• _Records for this exercise_
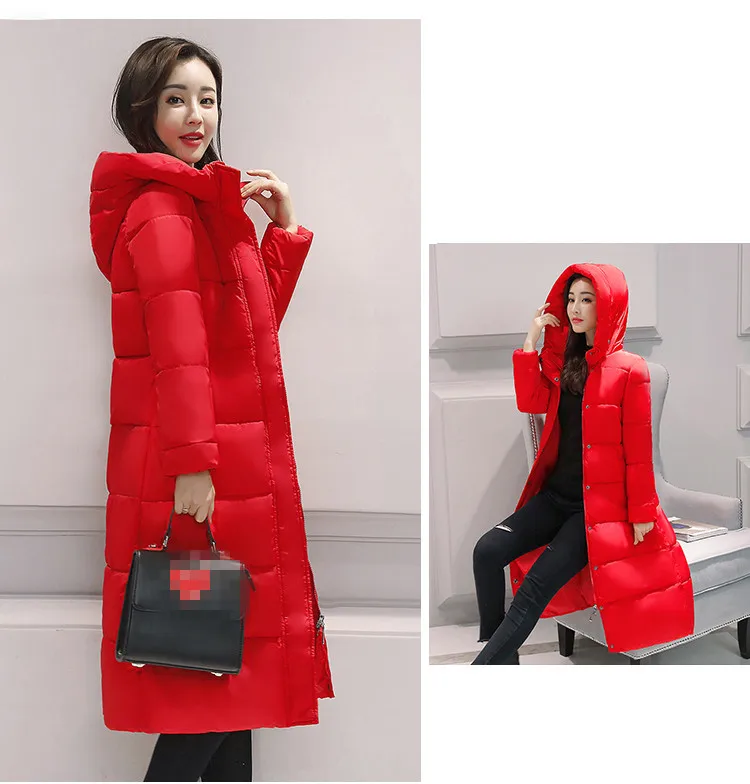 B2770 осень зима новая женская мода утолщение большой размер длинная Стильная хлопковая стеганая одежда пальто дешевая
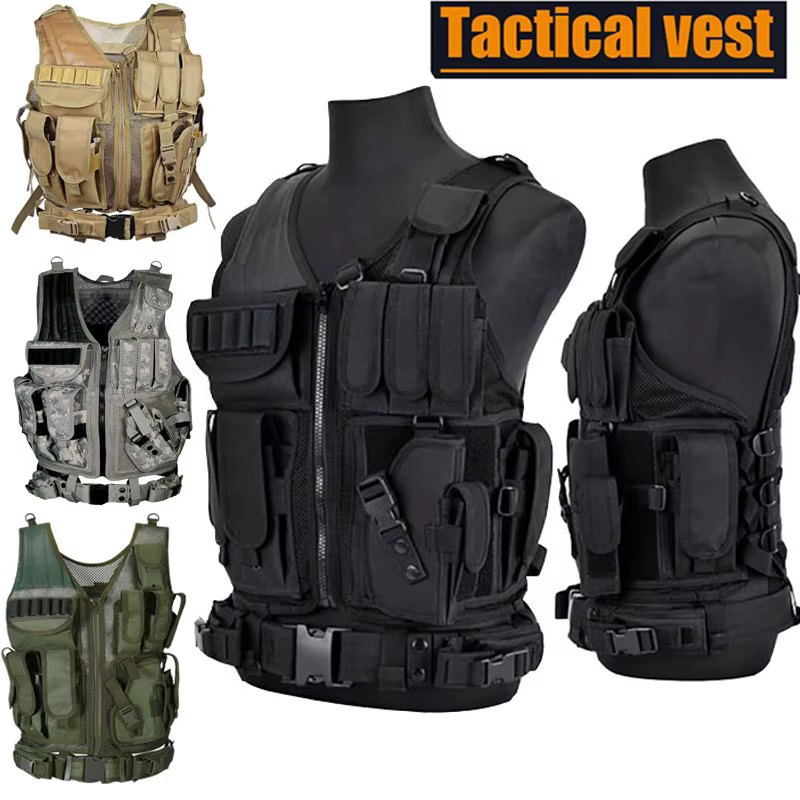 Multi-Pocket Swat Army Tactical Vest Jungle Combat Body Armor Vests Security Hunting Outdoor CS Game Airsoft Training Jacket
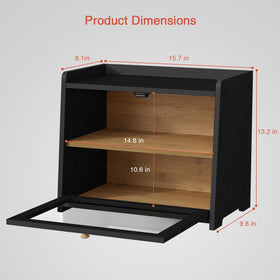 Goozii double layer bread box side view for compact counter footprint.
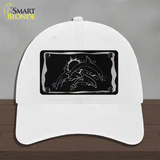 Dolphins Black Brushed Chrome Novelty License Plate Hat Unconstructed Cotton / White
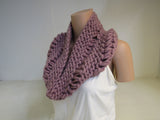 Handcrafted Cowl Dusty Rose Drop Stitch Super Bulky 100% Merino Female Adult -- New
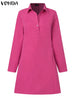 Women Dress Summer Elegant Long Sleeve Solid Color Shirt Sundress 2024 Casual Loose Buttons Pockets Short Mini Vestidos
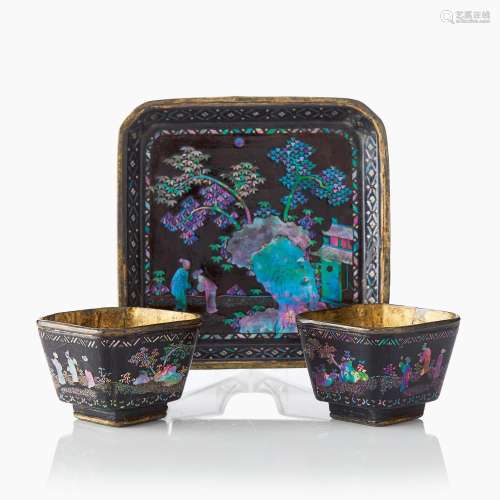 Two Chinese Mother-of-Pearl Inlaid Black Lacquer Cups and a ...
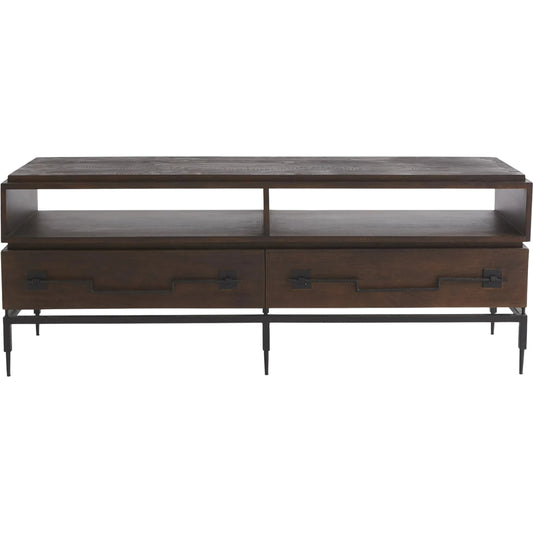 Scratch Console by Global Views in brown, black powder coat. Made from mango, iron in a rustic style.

• _Directions_
From the line containing "Handcrafted Cowl Dusty" through the last line of the records above, reproduce every line exactly, leaving out the pictures.

• _Your solution_
 Handcrafted Cowl Dusty Rose Drop Stitch Super Bulky 100% Merino Female Adult -- New
 Women Dress Summer Elegant Long Sleeve Solid Color Shirt Sundress 2024 Casual Loose Buttons Pockets Short Mini Vestidos
 Two Chinese Mother-of-Pearl Inlaid Black Lacquer Cups and a ...
 Scratch Console by Global Views in brown, black powder coat. Made from mango, iron in a rustic style.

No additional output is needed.